Photo: Tu Chien-jung, Taipei Times
The bowl was damaged some time between a major inventory check on March 2, 2012, and Feb. 3 last year, she said, citing the report.
“However, we received a tip that the stem bowl was broken because of an error by museum staff,” Chen said.
“Museum Director Wu Mi-cha (吳密察) imposed a gag order on this matter and ordered that all relevant documents be handled as confidential information,” Chen added.
“Footage recorded by the museum’s security cameras is not sufficient to ascertain whether the damage was due to human error,” she added.
“Therefore, the museum should turn over all of the footage on the surveillance system to lawmakers so that we can know the truth, provided that it is done in ways that does not invade the privacy of museum staff and compromise the security of the storeroom,” Chen said.
Wu on Friday said the museum has completed its investigations into the damage to the stem bowl as well as a yellow porcelain bowl made during the Kangsi era of the Qing Dynasty, which were found to have been broken when museum staff opened their boxes.
It has yet to complete an investigation into a porcelain dish from the Qianlong era of the Qing Dynasty, which he said was broken by museum staff.
Although Wu denied the museum deliberately concealed the incidents from the public, Chen said the museum released two of the investigation reports only due to public pressure.
The museum should release the investigation into the third damaged artifact as soon as possible and inform the public the criteria it used to list certain information as “classified,” Chen said.
“It should not give the public the impression that it listed certain materials as classified because it wanted to hide them from the public, and only declassified them when it could no longer withstand public pressure,” she added.
The incidents also exposed shortcomings in the procedures that the museum uses to report and handle damaged artifacts, Chen said.
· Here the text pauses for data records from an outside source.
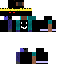 Texture for trihard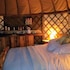 Bembridge Harbour Yurt - Log Burner - Wifi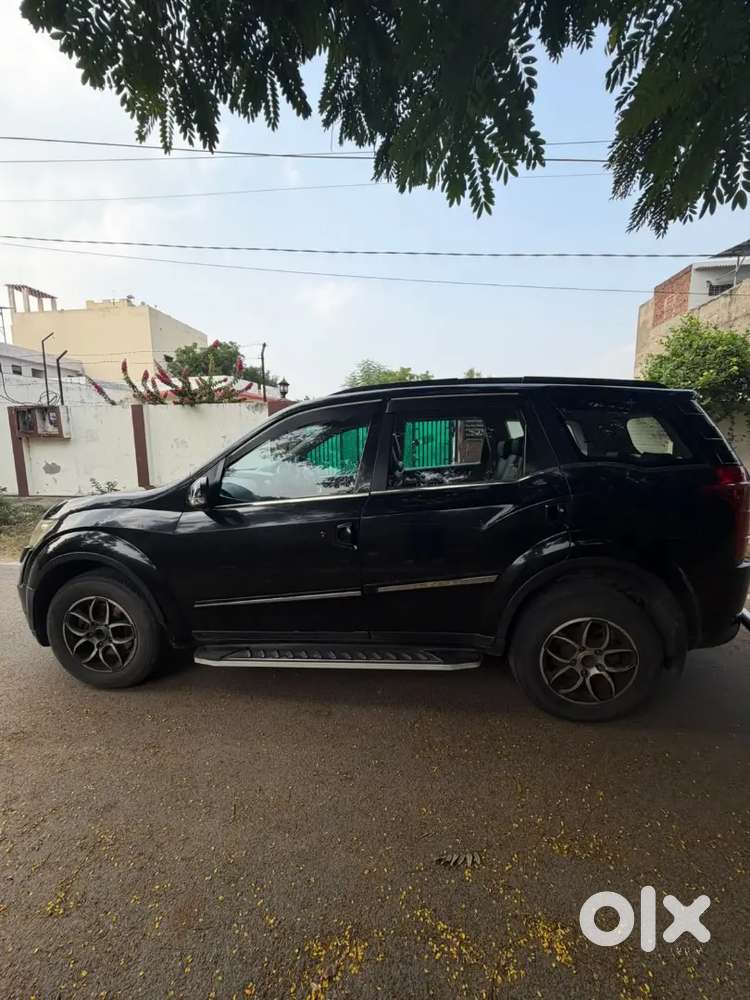 Mahindra Xuv500 Diesel Manual 2016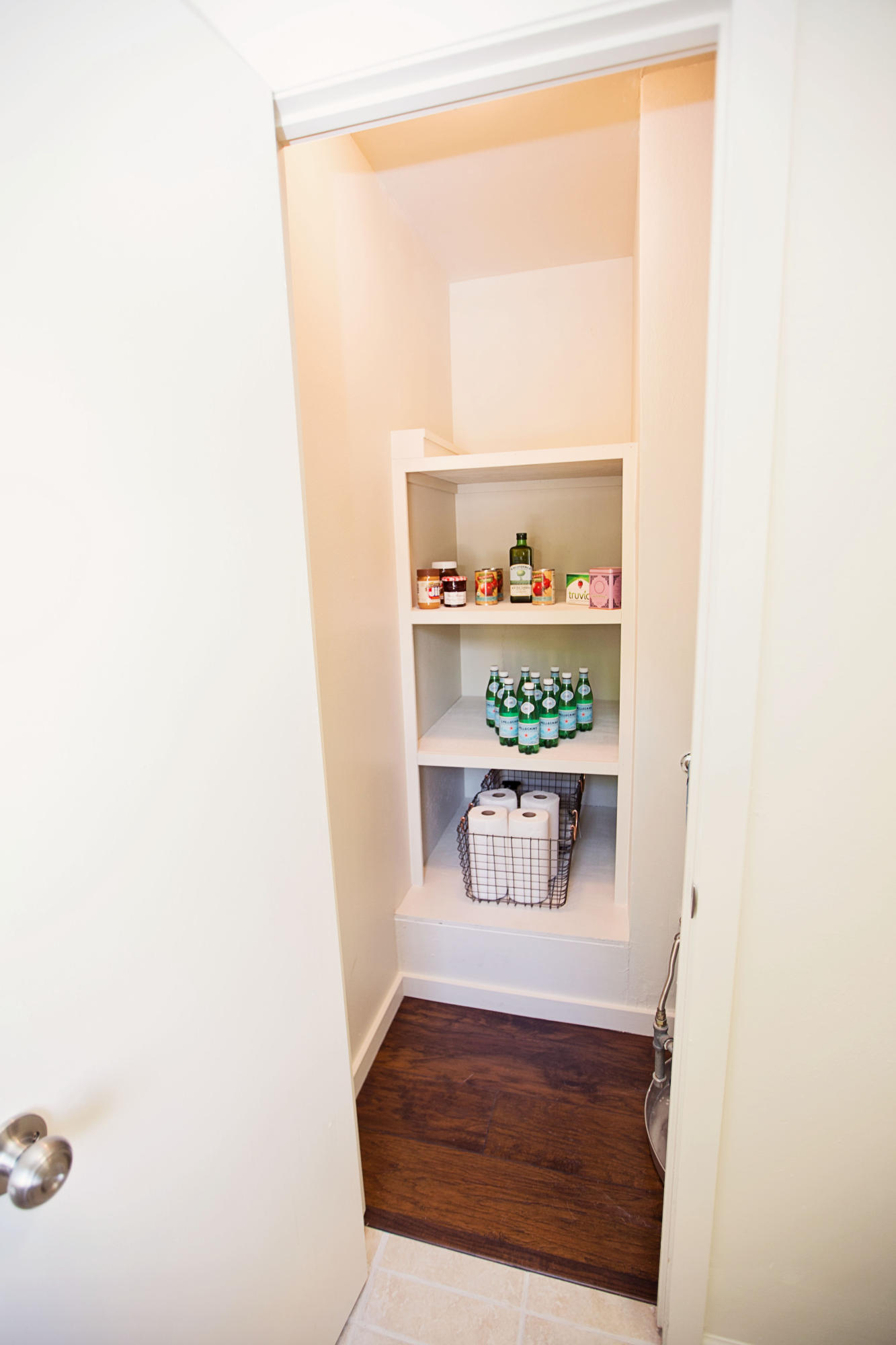 COMMODORE PLACE - Residential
“The museum is only required to notify the Ministry of Culture if damaged artifacts are classified as national treasures or important cultural artifacts,” she said.
“However, many of the 700,000 artifacts owned by the museum are neither classified as national treasures nor important cultural artifacts. Should there not be a mechanism to report damage to other artifacts as well?” she said.
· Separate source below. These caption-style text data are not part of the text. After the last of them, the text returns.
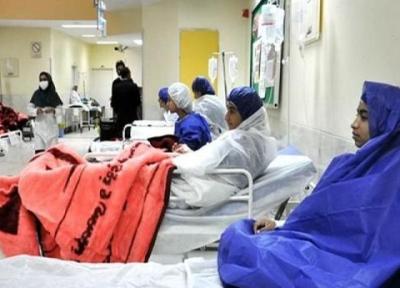 استشمام بوی نامطبوع در 2 مدرسه فارس ، اعزام 6 دانش آموز به بیمارستان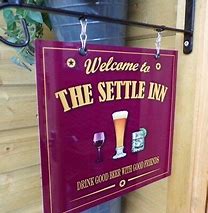 Image result for Home Bar Signs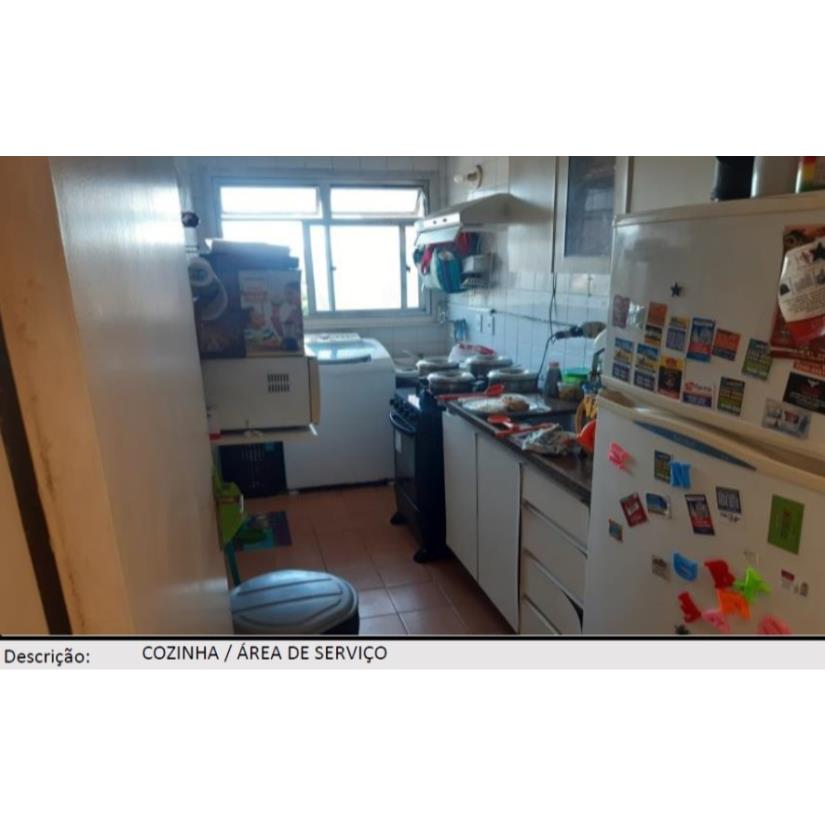 Foto de Rio de Janeiro/RJ - Taquara - Apartamento com 55m²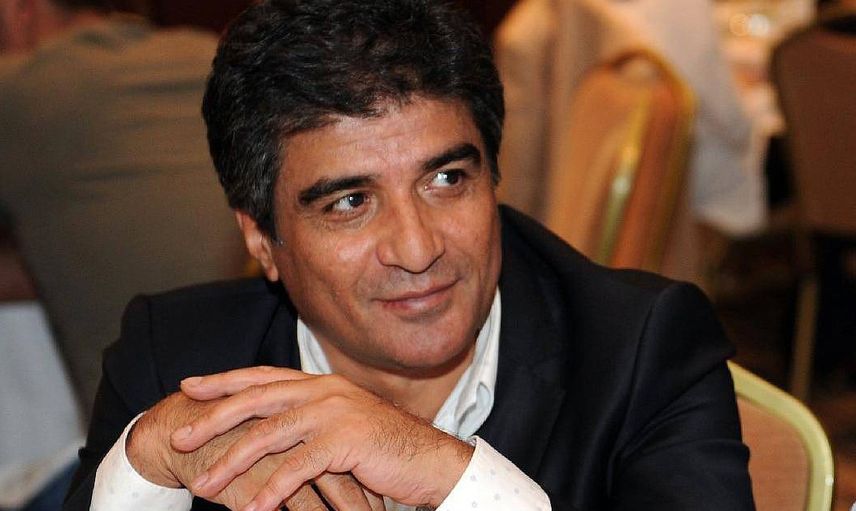 İbrahim Erkal Kimdir?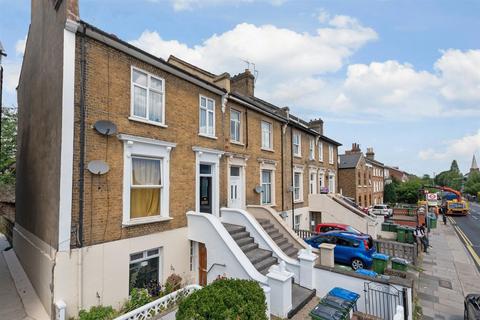 1 bedroom ground floor flat for sale, Herbert Road, London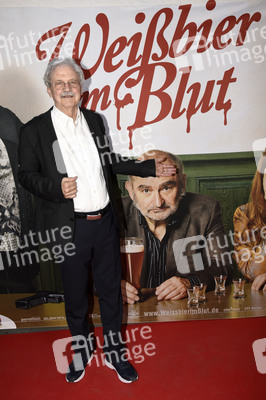 Filmpremiere 'Weißbier im Blut' in München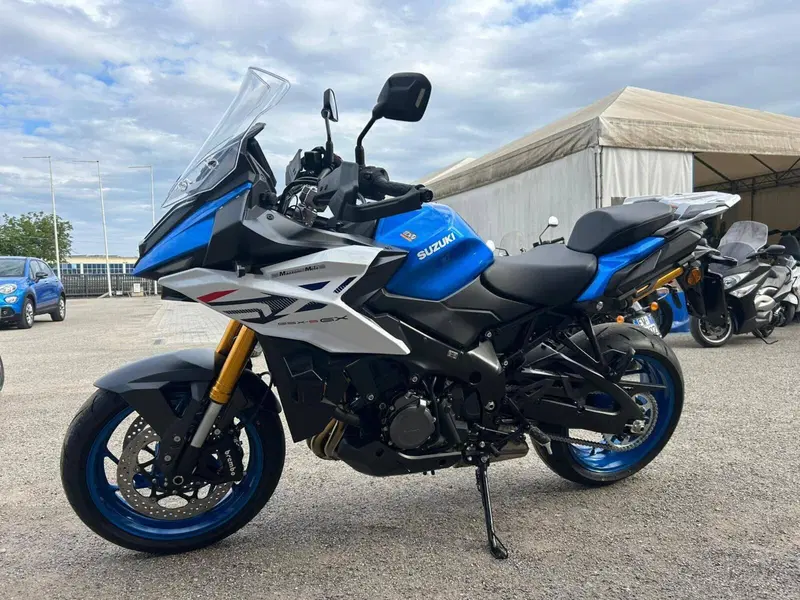 Suzuki GSX-S1000GX (2024 - 26) (6)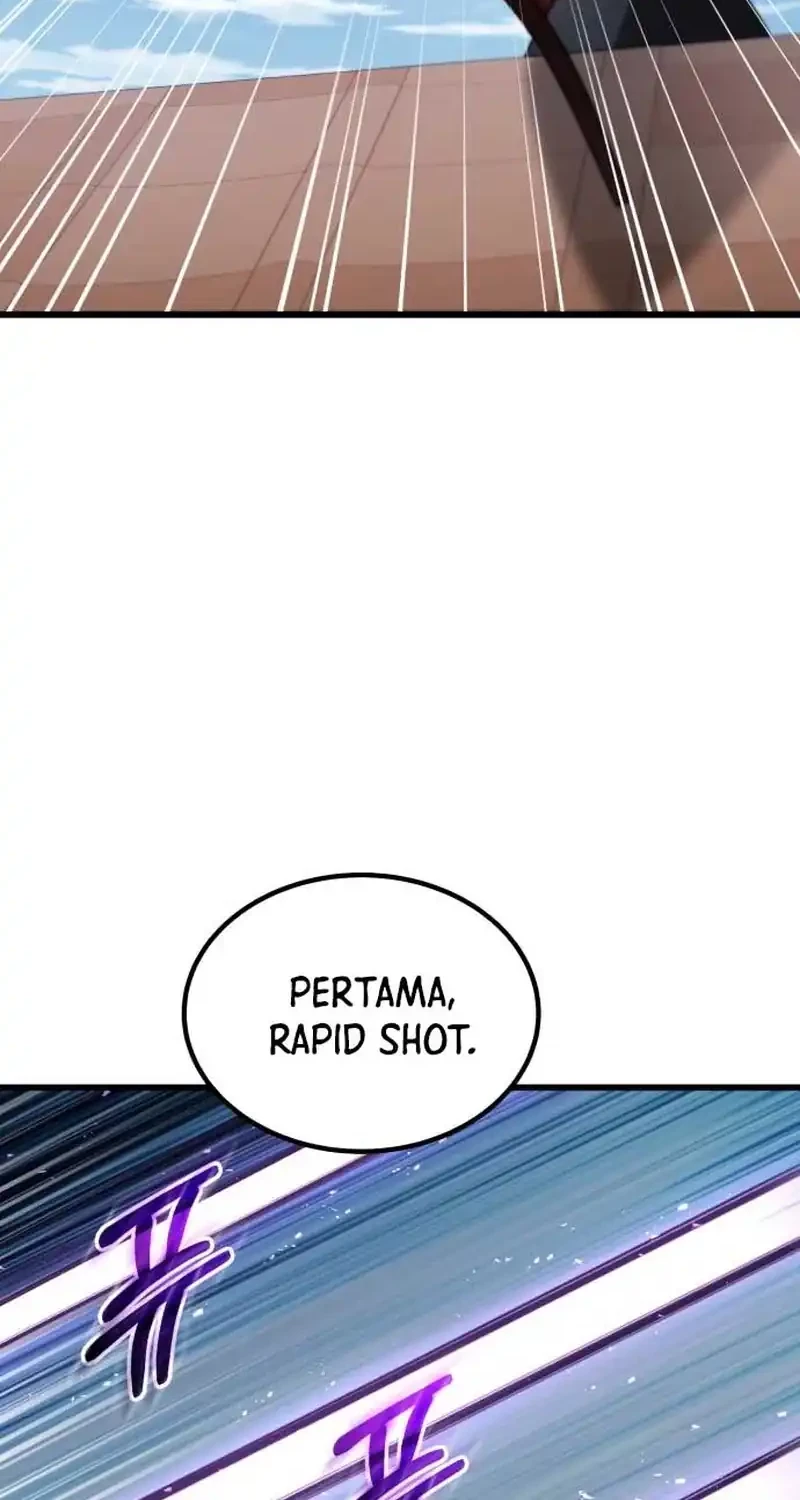 I Regressed, but the World didn’t End Chapter 36 - halaman 80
The museum’s operational guidelines only stipulate how artifacts should be managed and preserved, and lack a mechanism to report, verify and investigate when an artifact is damaged, destroyed or lost, and explain the incident to the public, she said.
NPP Legislator Claire Wang (王婉諭), who serves on the legislature’s Education and Culture Committee, visited the museum on Monday and requested access to the investigation reports.
“Footage recorded by the surveillance system shows a chaotic work area, with researchers, employees and mechanics all gathered at the same spot,” Wang said.
“They were responsible for different tasks, but you could not tell who was in charge of what simply by looking at the video. This is probably why human errors occurred,” Wang said.
The museum should stipulate standard operating procedures for museum staff working in storerooms, which could reduce the chances of them damaging artifacts, she said.
An online system should be created to allow museum staff to report artifacts that need to be repaired or restored, she added.